Jeanine Pirro, the U.S. Attorney for the District of Columbia under President Donald Trump, has said that a federal review found widespread misclassification of crime reports by Washington’s Metropolitan Police Department (MPD), which she argues made official crime statistics appear “artificially lower.”

Speaking on Fox News Channel’s America’s Newsroom with Dana Perino, Pirro said she believed there “certainly was an effort to misclassify, mischaracterize certain categories of crime,” describing it as “an attempt to make crime look lower than it was,” according to Fox News’ account of the interview.

Pirro said the federal investigation spanned several months, examined about 6,000 crime reports and involved interviews with more than 50 witnesses. She emphasized that the alleged conduct by MPD, as reviewed, did not in her view rise to the level of a criminal offense but argued that the department should take internal steps to address the issues.
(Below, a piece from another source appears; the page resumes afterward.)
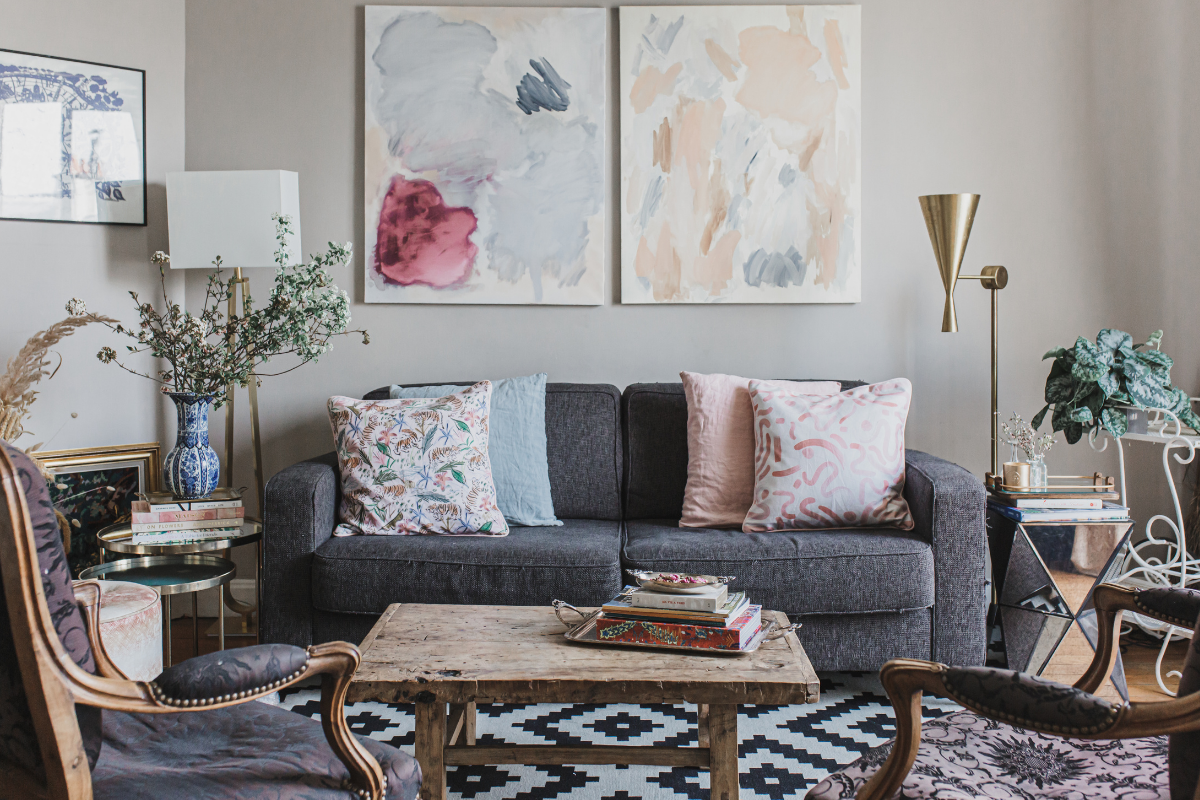 Grey couch in living room styled with a Pink Chinoiserie Tiger custom pillow, a green pillow, a pink pillow, and a Pink Graphic custom pillow in front of a coffee table and two antique chairs in the front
Pirro also contrasted the current approach of her office under the Trump administration and Attorney General Pam Bondi with practices she said occurred under prior Democratic leadership. In the Fox News interview, she criticized the previous U.S. attorney’s handling of cases under President Joe Biden, claiming that a large share of arrests were not prosecuted, but she did not provide specific comparative percentages in that segment.

By contrast, Pirro said that under the Trump administration “every case is being looked at, every case being reviewed by my office,” and that if an arrest appears to reflect more serious conduct than initially charged, her office will seek to upgrade the offense.

Pirro argued that underreported crime can distort how police resources are deployed, weaken public confidence in law enforcement and discourage residents from reporting offenses. She linked recent federal involvement in D.C. to a sharp drop in key violent crime categories, saying that since a surge in federal resources, homicides are down 65% compared with the same period a year earlier, carjackings are down 68% and robberies are down 49%. Those figures were cited by Pirro in the Fox News interview and have not yet been independently verified by other public data.

Pirro’s accusations come as the Justice Department examines MPD’s crime-data practices, part of a broader national debate over how police departments report and classify crime and how those statistics shape public perceptions of safety.